> AIM OF THE TASK: An exact copy of all the data is needed, with every picture left out.

> DATA FOR THE TASK:
------------------------------

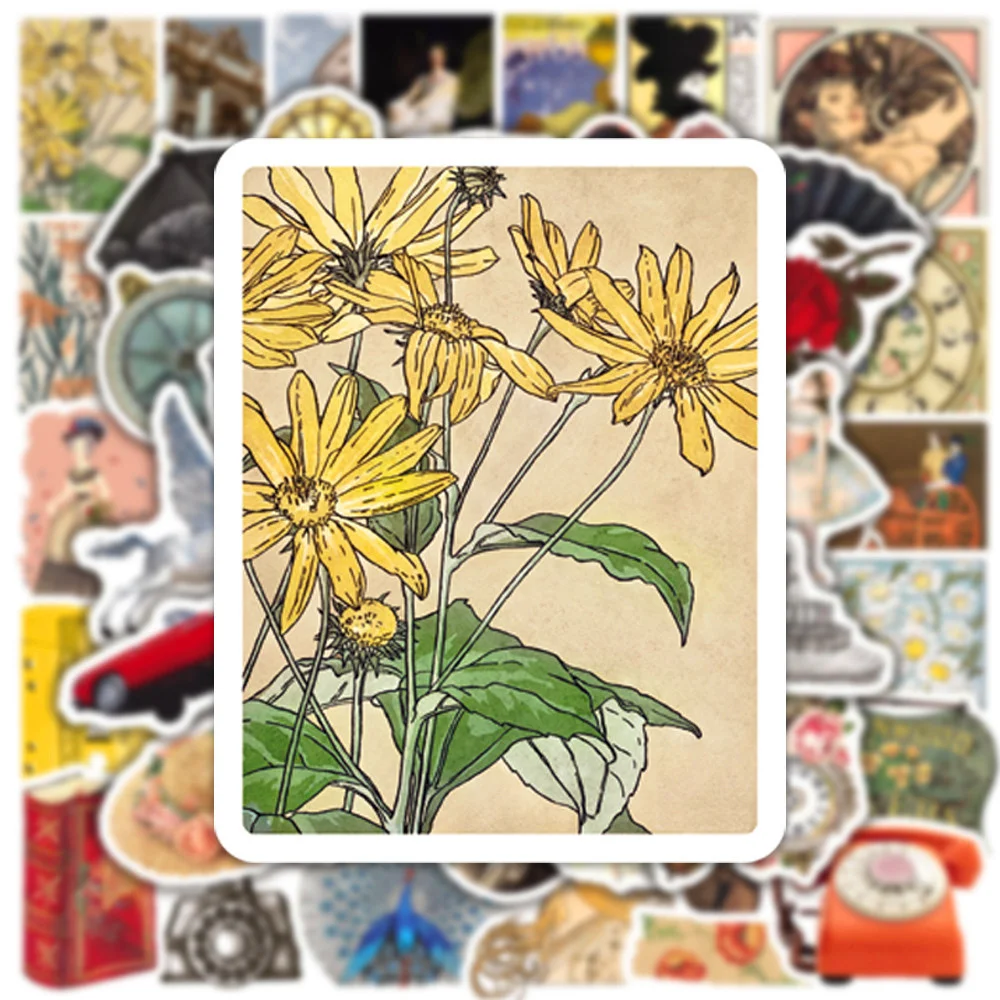 10/30/50pcs Vintage Stickers Retro Cartoon Decoration Decal Scrapbook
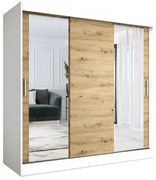 Szafa przesuwna biały + dąb artisan 200 cm G9-G86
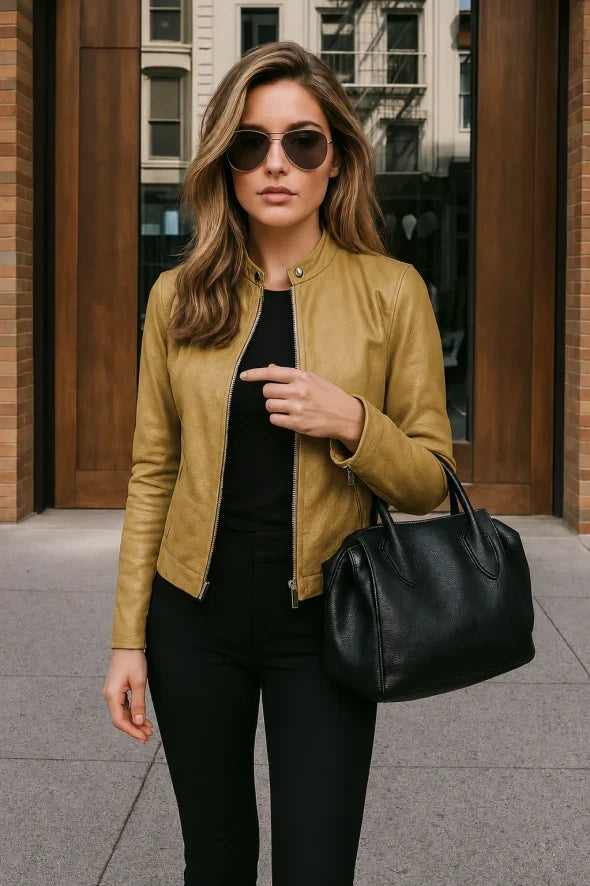Women’s Slim-Fit Leather Jacket with Zip and Stand Collar
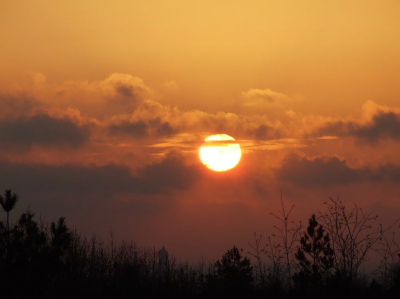 Zonsondergang, gefotografeerd vanaf de Juliana toren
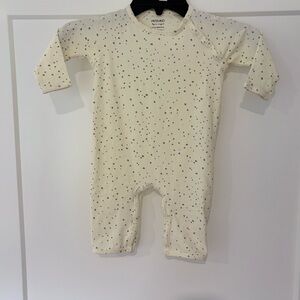 Viverano Ivory Grey Speckle Organic Cotton Snap Romper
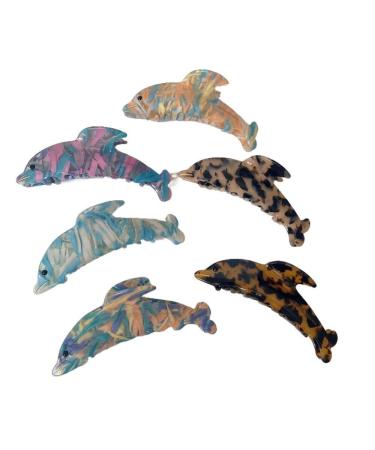 Dolphin & Shark Hair Claw Clips Set - Acetic Acid Hair Accessories for Girls & Women - Buy Online on GoSupps.com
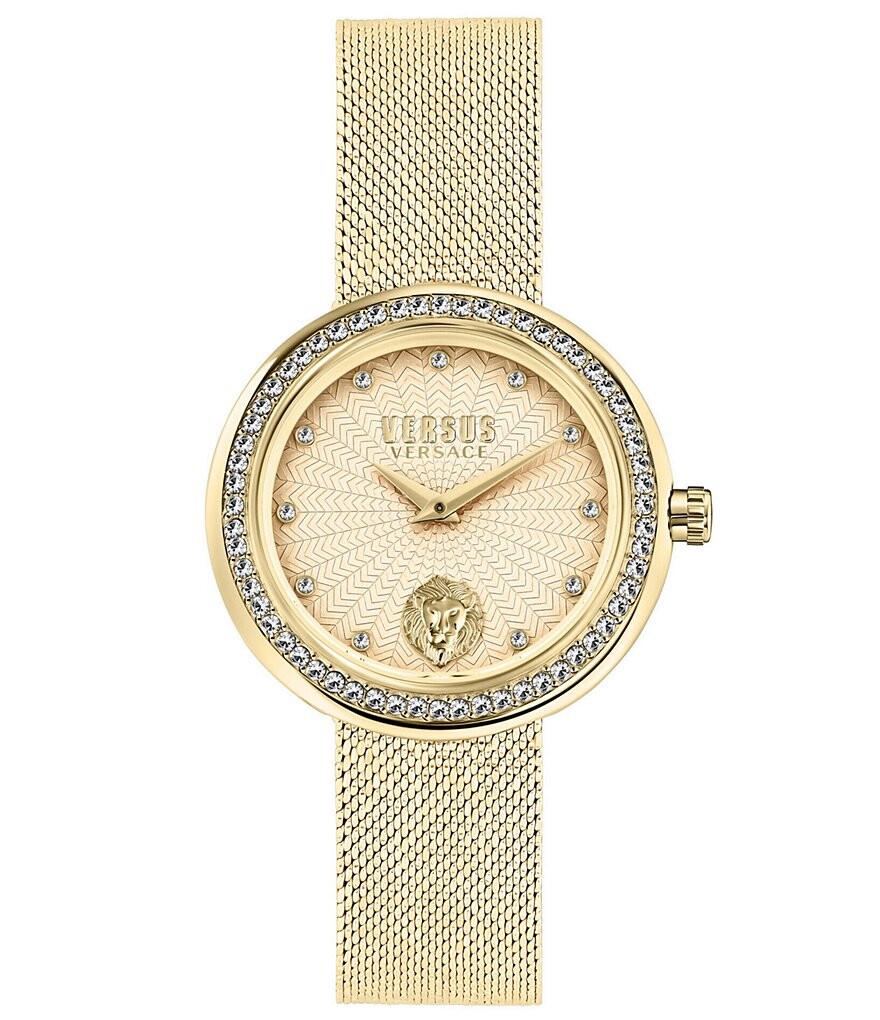 

Женские аналоговые золотые часы Versus By Versace Lea Crystal с сетчатым браслетом из нержавеющей стали, золотой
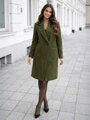 Olivový dámský kabát v stylovém střihu 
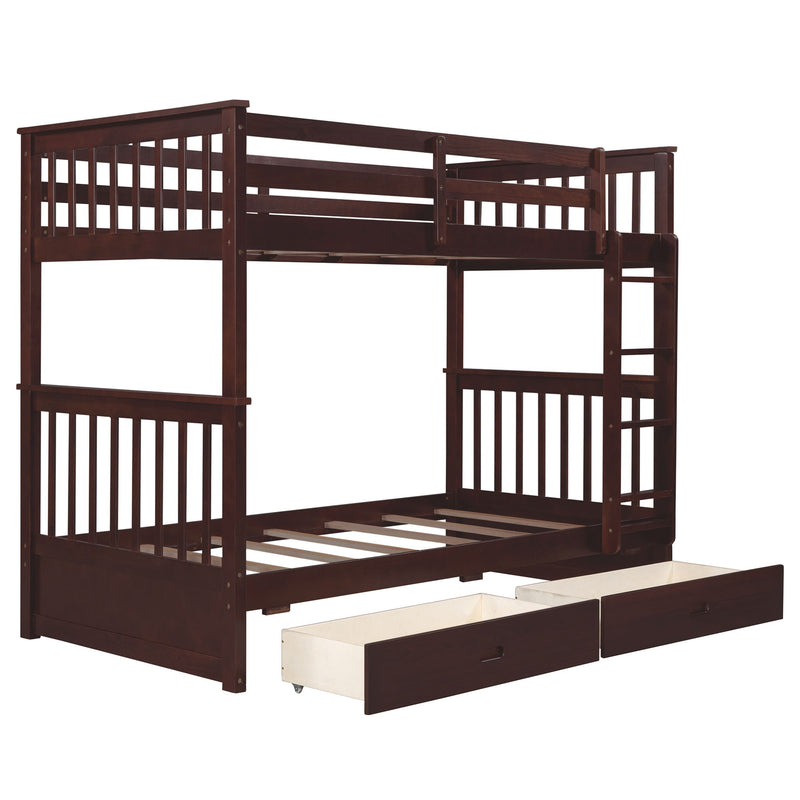 Bunk Bed With Ladders And 2 Storage Drawers - R&R Furniture Gallery (Fountain Valley, CA)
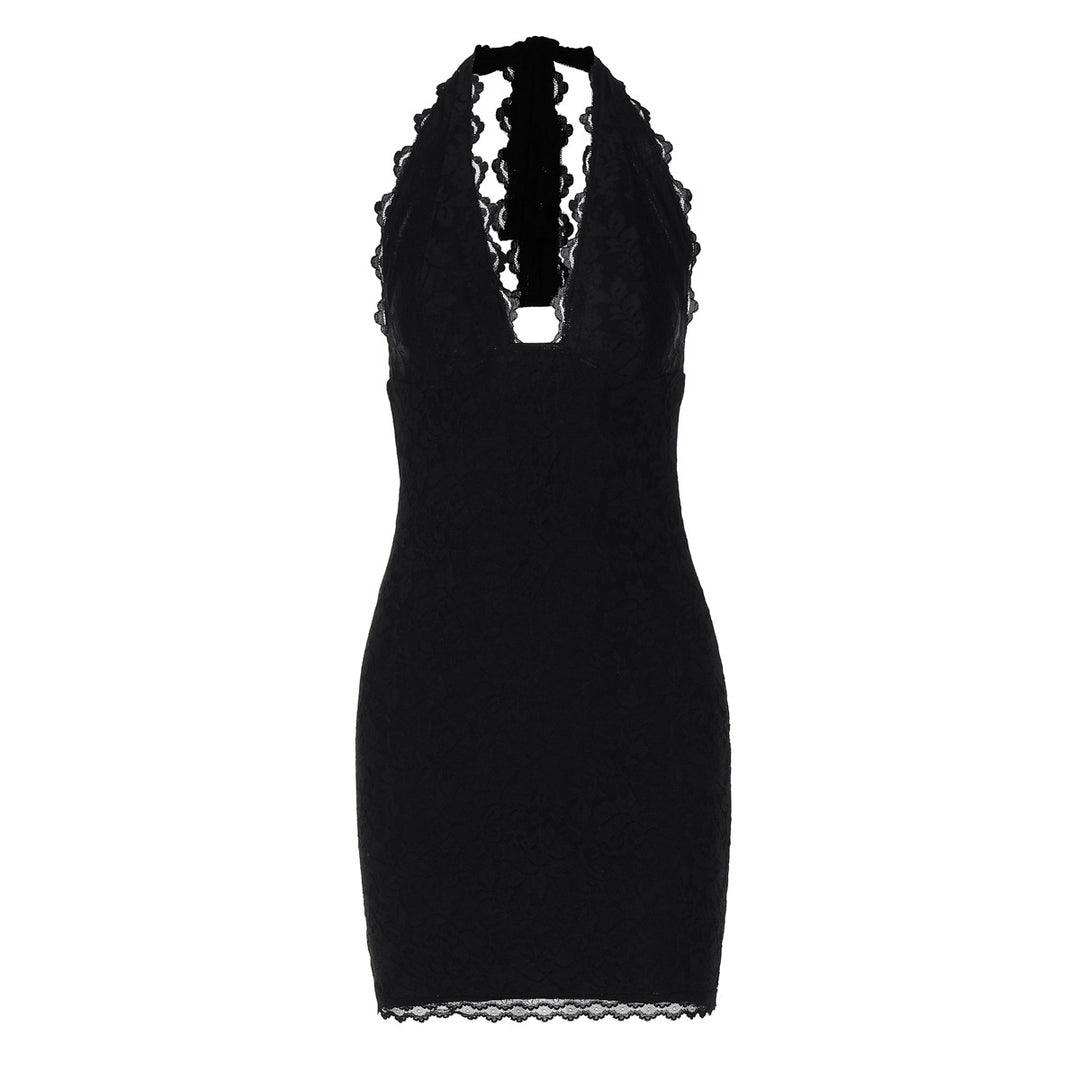 Damen Spitzen-Minikleid mit verführerischem V-Ausschnitt und eleganten Details R&B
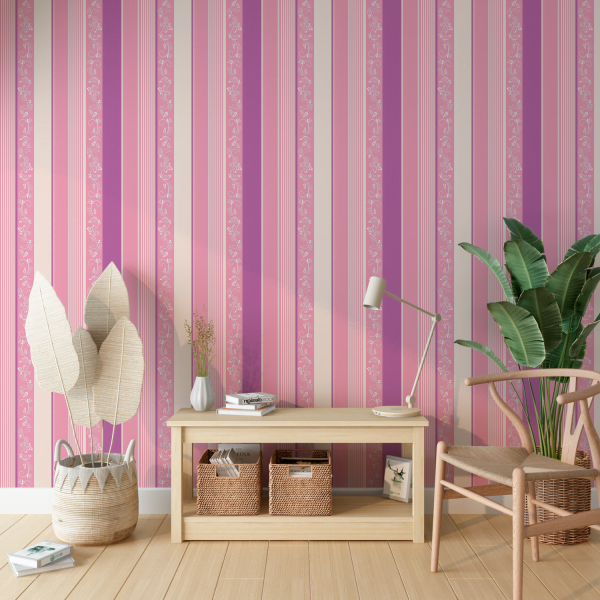 papel de parede listrado rosa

------------------------------

> TASK SOLUTION:
 10/30/50pcs Vintage Stickers Retro Cartoon Decoration Decal Scrapbook
 Szafa przesuwna biały + dąb artisan 200 cm G9-G86
Women’s Slim-Fit Leather Jacket with Zip and Stand Collar
 Zonsondergang, gefotografeerd vanaf de Juliana toren
 Viverano Ivory Grey Speckle Organic Cotton Snap Romper
 Dolphin & Shark Hair Claw Clips Set - Acetic Acid Hair Accessories for Girls & Women - Buy Online on GoSupps.com

Женские аналоговые золотые часы Versus By Versace Lea Crystal с сетчатым браслетом из нержавеющей стали, золотой
 Olivový dámský kabát v stylovém střihu 
 Bunk Bed With Ladders And 2 Storage Drawers - R&R Furniture Gallery (Fountain Valley, CA)
 Damen Spitzen-Minikleid mit verführerischem V-Ausschnitt und eleganten Details R&B
 papel de parede listrado rosa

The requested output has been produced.